James’ arrival has always been considered the first step in rebuilding the Lakers, an organization that has been insufferably bad the last five years. As transcendent as James is, the feeling is even he’s not capable of taking the team where he wants to be by himself.
So the rumors began. James and team president Magic Johnson would figure out a way, perhaps by speaking code, to lure some of the top free agents over the next two years to join him in the effort to dismantle the two-time defending champion Golden State Warriors.
This concept took root last week when center New Orleans center Anthony Davis, a free man in 2020, announced he wanted to be traded as soon as possible and wouldn’t it be delightful if he could be overnighted to the Lakers. By coincidence, James and Davis have the same agent, Rich Paul.

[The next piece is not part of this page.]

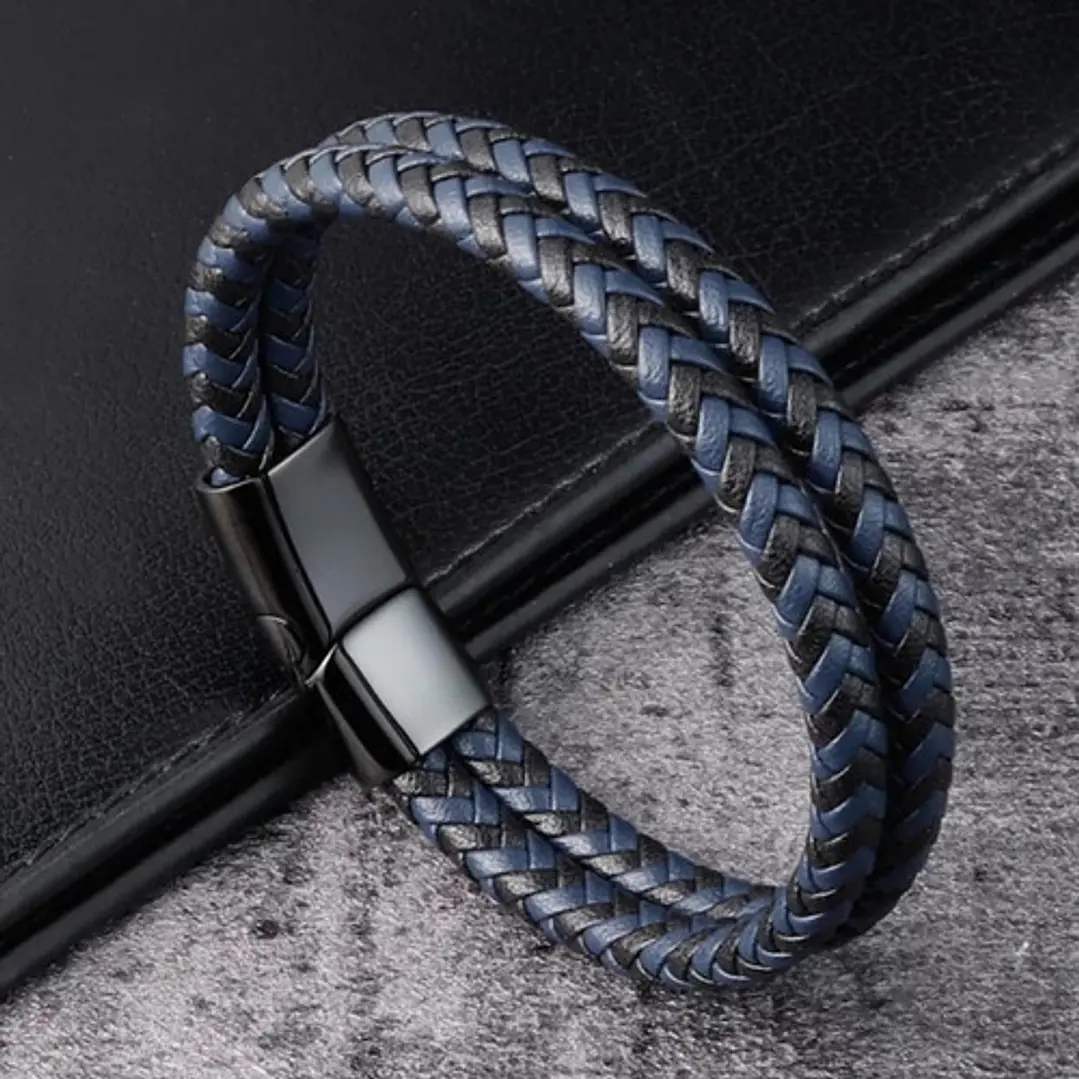 Pulsera Cuero Black Blue Braid, Cierre Magnético, Hombre 2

Davis was fined $50,000 by an incredulous NBA for making that sentiment public. So Davis softened his stance by adding the New York Knicks, Milwaukee Bucks and Los Angeles Clippers to the list of teams he’d sign long-term extensions with if traded to.

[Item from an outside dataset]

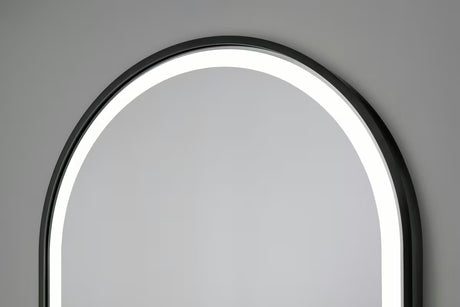 Ovalno kupaonsko ogledalo SAT 40x80 cm u crnom okviru s LED osvjetljenjem i sa senzorskim upravljanjem.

Left unsaid was any other team stupid enough to trade for him could count on him leaving as soon he’s contractually able. That’s a threat in on – or in – any court in this country.
Of course, this puts the Pelicans into an untenable situation. What can they possible do but trade Davis, preferably by Thursday’s deadline. It’s unlikely he will ever play another game for them, whether he’s dealt this week or not. What good would keeping a sulking star around do them?

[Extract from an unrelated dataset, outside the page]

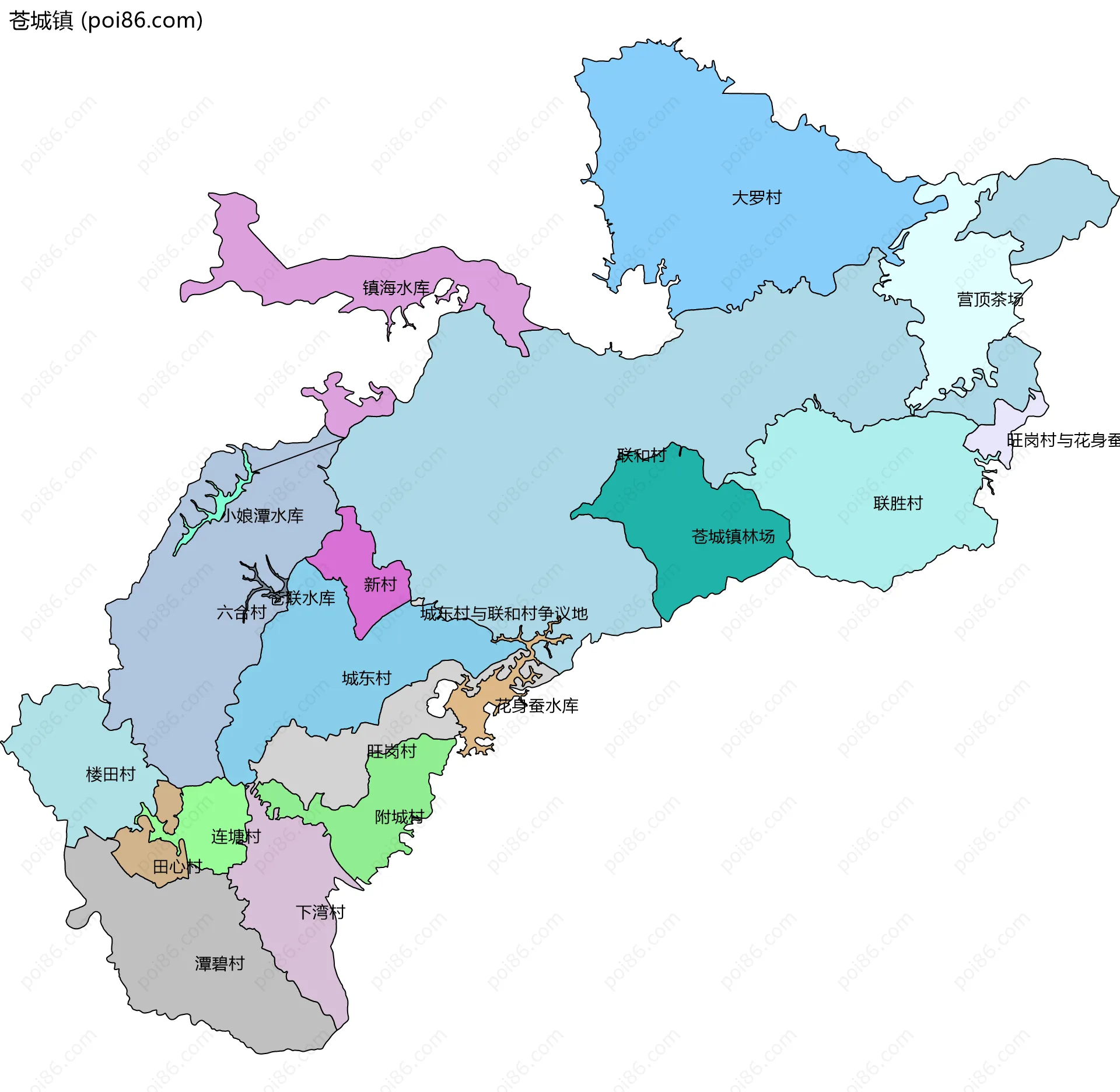 苍城镇边界地图(五级行政区划)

Davis is not the only player presumably on the Lakers list. Two of Golden State’s lynchpins, Kevin Durant and Klay Thompson, are free agents after this season. Lakers fans were wooing Thompson last weekend in Oakland and there has always been the assumption James and Durant would love to hook up at some point in their careers.
Imagine if James, Davis, Thompson and Durant could help the Lakers figure out how to make it all work financially. Who would be the favorite to win the NBA Championship next season?
Next up is Kristaps Porzingis, formerly of the Knicks. He hasn’t played this season because of a knee injury sustained in 2018, but that didn’t stop him from walking into the team’s executive offices last week after a 12th straight home loss and telling them he wanted out. The Knicks immediately complied, shipping him to Dallas.
During his introductory press conference in Dallas on Monday, Porzingis was asked, a number of times, why he asked out of New York.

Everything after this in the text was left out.